====== ENTRIES SUPPLIED
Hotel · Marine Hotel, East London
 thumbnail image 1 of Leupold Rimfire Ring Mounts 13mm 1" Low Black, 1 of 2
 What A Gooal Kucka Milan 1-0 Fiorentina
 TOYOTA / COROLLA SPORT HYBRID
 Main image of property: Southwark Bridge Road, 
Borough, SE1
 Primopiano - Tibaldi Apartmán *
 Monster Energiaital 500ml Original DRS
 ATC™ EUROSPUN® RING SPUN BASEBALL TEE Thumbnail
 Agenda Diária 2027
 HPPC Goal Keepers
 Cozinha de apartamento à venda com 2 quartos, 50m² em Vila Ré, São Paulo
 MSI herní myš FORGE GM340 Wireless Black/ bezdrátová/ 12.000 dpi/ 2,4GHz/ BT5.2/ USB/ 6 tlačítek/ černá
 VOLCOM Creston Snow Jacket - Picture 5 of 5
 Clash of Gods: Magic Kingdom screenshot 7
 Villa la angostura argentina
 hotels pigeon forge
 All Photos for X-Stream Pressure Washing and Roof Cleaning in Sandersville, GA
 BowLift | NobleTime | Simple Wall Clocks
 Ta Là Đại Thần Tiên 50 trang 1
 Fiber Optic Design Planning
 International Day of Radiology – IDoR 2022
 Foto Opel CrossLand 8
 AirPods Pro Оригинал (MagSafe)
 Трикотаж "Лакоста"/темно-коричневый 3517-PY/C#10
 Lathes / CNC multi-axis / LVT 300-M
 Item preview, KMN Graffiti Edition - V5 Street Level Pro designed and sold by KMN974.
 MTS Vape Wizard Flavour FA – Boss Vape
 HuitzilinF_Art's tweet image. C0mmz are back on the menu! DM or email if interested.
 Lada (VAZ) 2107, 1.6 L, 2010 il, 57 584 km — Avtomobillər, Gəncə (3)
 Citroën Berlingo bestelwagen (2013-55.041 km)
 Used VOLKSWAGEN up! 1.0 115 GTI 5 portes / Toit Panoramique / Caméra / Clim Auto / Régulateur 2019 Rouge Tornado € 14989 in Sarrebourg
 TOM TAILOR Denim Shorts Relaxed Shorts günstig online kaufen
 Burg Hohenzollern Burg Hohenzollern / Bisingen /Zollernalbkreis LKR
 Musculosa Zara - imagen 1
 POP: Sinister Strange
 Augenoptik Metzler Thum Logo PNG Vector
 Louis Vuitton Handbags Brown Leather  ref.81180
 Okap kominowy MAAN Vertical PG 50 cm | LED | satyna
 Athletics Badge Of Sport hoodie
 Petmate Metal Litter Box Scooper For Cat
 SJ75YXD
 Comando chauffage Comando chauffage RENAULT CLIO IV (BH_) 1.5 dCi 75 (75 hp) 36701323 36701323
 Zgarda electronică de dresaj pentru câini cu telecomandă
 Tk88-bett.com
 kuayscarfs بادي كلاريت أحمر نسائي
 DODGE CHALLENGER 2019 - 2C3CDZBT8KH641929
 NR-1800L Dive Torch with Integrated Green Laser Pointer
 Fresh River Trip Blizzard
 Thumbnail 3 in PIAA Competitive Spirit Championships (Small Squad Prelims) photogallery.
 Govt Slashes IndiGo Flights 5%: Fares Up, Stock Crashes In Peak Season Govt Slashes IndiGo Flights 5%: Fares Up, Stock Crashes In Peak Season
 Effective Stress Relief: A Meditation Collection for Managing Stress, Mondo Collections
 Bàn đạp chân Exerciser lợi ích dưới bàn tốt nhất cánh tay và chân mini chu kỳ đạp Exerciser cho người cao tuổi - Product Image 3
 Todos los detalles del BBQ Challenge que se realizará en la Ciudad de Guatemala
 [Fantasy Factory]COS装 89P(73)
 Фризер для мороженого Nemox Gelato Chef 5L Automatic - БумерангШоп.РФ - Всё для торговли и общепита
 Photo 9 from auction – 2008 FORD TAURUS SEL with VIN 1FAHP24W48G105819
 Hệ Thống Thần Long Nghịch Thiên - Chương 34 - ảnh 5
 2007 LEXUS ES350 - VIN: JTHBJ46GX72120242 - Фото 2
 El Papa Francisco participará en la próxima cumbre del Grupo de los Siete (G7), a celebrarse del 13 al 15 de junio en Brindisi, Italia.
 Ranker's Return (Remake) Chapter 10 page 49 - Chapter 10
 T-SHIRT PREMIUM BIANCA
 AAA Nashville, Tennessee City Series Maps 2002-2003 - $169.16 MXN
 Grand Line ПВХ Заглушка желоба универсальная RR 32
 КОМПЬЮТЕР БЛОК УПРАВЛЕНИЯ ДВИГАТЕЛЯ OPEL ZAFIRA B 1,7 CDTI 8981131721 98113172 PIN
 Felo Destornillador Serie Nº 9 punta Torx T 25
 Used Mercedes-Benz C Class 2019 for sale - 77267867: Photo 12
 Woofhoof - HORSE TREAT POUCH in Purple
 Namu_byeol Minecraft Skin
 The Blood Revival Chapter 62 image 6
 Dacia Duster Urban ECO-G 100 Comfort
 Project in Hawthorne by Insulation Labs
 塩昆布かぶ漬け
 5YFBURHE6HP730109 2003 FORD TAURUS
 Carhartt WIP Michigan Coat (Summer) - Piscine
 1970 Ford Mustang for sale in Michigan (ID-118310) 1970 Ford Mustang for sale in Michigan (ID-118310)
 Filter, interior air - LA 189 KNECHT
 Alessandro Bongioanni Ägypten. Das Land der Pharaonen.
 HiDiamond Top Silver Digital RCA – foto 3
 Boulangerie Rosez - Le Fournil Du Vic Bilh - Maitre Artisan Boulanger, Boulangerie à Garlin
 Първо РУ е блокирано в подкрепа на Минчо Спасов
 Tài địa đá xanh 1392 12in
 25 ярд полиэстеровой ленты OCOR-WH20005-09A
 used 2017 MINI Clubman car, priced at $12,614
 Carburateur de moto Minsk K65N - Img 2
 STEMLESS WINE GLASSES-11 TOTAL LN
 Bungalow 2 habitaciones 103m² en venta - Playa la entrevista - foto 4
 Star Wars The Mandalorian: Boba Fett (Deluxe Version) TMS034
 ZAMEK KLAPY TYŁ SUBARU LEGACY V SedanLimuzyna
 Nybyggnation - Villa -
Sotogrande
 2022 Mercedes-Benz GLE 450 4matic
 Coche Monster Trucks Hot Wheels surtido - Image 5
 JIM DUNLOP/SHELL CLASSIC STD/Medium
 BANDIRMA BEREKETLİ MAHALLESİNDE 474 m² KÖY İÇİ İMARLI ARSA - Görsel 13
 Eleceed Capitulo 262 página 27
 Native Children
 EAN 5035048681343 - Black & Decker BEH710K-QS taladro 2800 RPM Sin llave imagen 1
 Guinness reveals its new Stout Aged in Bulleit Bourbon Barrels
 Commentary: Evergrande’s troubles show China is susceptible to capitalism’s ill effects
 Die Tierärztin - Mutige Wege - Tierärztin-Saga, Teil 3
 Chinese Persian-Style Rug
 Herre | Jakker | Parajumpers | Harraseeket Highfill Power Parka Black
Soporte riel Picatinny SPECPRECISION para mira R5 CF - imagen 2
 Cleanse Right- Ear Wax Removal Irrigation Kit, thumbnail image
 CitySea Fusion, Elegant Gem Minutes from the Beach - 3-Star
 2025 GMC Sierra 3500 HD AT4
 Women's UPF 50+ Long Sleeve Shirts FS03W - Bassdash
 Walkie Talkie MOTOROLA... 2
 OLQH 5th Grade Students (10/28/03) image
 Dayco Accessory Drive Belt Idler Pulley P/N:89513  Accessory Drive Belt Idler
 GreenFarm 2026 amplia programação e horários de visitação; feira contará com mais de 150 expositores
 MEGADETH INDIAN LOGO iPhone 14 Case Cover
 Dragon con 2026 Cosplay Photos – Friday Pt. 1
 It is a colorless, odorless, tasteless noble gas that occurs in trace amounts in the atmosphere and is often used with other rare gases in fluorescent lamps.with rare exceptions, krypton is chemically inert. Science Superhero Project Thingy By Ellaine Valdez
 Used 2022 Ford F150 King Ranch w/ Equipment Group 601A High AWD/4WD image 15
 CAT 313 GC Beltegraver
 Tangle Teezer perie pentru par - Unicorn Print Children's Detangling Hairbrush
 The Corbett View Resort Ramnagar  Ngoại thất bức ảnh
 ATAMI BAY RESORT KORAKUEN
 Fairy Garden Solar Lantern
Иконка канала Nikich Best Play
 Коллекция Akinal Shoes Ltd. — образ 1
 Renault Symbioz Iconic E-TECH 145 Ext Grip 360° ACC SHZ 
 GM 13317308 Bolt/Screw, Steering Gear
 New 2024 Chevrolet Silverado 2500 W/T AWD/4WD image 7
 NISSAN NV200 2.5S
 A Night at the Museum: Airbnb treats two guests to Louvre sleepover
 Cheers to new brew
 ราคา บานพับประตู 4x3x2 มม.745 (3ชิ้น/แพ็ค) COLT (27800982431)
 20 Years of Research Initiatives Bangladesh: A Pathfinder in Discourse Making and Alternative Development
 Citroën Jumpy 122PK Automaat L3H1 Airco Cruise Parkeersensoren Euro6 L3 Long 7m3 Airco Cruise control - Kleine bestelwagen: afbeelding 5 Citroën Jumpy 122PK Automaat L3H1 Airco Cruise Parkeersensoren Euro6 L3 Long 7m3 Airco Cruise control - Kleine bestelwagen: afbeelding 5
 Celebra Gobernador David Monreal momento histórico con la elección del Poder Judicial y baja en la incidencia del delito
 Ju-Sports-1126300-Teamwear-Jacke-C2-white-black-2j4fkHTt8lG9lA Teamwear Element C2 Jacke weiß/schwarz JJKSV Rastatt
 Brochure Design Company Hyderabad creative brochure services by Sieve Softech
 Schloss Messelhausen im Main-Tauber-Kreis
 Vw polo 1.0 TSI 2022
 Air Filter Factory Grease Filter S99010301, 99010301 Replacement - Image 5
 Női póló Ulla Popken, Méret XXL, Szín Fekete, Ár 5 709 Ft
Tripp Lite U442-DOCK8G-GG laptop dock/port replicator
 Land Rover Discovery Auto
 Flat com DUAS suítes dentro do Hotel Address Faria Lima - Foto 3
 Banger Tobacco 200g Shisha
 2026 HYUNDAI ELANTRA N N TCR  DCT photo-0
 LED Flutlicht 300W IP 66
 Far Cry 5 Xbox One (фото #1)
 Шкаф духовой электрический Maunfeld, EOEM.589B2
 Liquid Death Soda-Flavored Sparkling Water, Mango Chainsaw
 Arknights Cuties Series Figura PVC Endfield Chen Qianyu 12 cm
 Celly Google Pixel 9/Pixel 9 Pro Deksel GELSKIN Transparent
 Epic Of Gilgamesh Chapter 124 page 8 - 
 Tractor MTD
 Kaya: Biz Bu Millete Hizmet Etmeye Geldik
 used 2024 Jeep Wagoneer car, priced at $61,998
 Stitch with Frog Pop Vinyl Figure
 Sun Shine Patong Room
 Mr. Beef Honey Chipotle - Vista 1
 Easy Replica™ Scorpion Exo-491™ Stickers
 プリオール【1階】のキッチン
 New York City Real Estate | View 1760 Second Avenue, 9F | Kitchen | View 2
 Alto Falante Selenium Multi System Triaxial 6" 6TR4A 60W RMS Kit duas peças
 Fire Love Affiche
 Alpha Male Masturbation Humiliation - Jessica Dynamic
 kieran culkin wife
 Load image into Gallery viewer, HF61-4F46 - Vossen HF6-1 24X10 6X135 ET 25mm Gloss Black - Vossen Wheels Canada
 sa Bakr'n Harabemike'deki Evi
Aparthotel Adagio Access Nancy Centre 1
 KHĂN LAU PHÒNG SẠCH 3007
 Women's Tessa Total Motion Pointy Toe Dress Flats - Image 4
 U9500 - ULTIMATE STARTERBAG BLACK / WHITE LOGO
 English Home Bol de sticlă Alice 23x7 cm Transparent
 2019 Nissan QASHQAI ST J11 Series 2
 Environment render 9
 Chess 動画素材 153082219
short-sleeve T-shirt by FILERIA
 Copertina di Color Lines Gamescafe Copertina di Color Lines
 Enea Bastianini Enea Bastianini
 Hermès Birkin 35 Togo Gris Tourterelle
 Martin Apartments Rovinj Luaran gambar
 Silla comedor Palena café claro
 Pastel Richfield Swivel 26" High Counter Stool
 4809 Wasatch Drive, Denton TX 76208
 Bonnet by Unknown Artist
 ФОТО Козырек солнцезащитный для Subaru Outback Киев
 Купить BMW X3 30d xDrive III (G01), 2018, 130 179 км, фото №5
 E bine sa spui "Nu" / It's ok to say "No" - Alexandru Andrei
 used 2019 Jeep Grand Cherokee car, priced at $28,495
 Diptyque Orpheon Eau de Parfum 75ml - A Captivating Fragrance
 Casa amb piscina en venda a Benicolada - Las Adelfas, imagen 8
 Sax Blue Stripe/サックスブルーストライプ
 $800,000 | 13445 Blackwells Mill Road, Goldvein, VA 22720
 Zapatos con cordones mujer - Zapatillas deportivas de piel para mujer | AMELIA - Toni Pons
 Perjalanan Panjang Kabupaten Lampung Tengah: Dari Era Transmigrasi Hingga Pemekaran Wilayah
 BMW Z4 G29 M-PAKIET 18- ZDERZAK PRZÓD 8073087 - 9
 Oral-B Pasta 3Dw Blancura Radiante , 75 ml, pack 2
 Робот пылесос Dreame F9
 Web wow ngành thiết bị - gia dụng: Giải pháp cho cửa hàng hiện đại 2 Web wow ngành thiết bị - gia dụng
============
EXERCISE BRIEF: Copying word for word, give each line of the data above from the first one through the line containing "ATC™ EUROSPUN® RING", and nothing else.

TASK RESPONSE:
Hotel · Marine Hotel, East London
 thumbnail image 1 of Leupold Rimfire Ring Mounts 13mm 1" Low Black, 1 of 2
 What A Gooal Kucka Milan 1-0 Fiorentina
 TOYOTA / COROLLA SPORT HYBRID
 Main image of property: Southwark Bridge Road, 
Borough, SE1
 Primopiano - Tibaldi Apartmán *
 Monster Energiaital 500ml Original DRS
 ATC™ EUROSPUN® RING SPUN BASEBALL TEE Thumbnail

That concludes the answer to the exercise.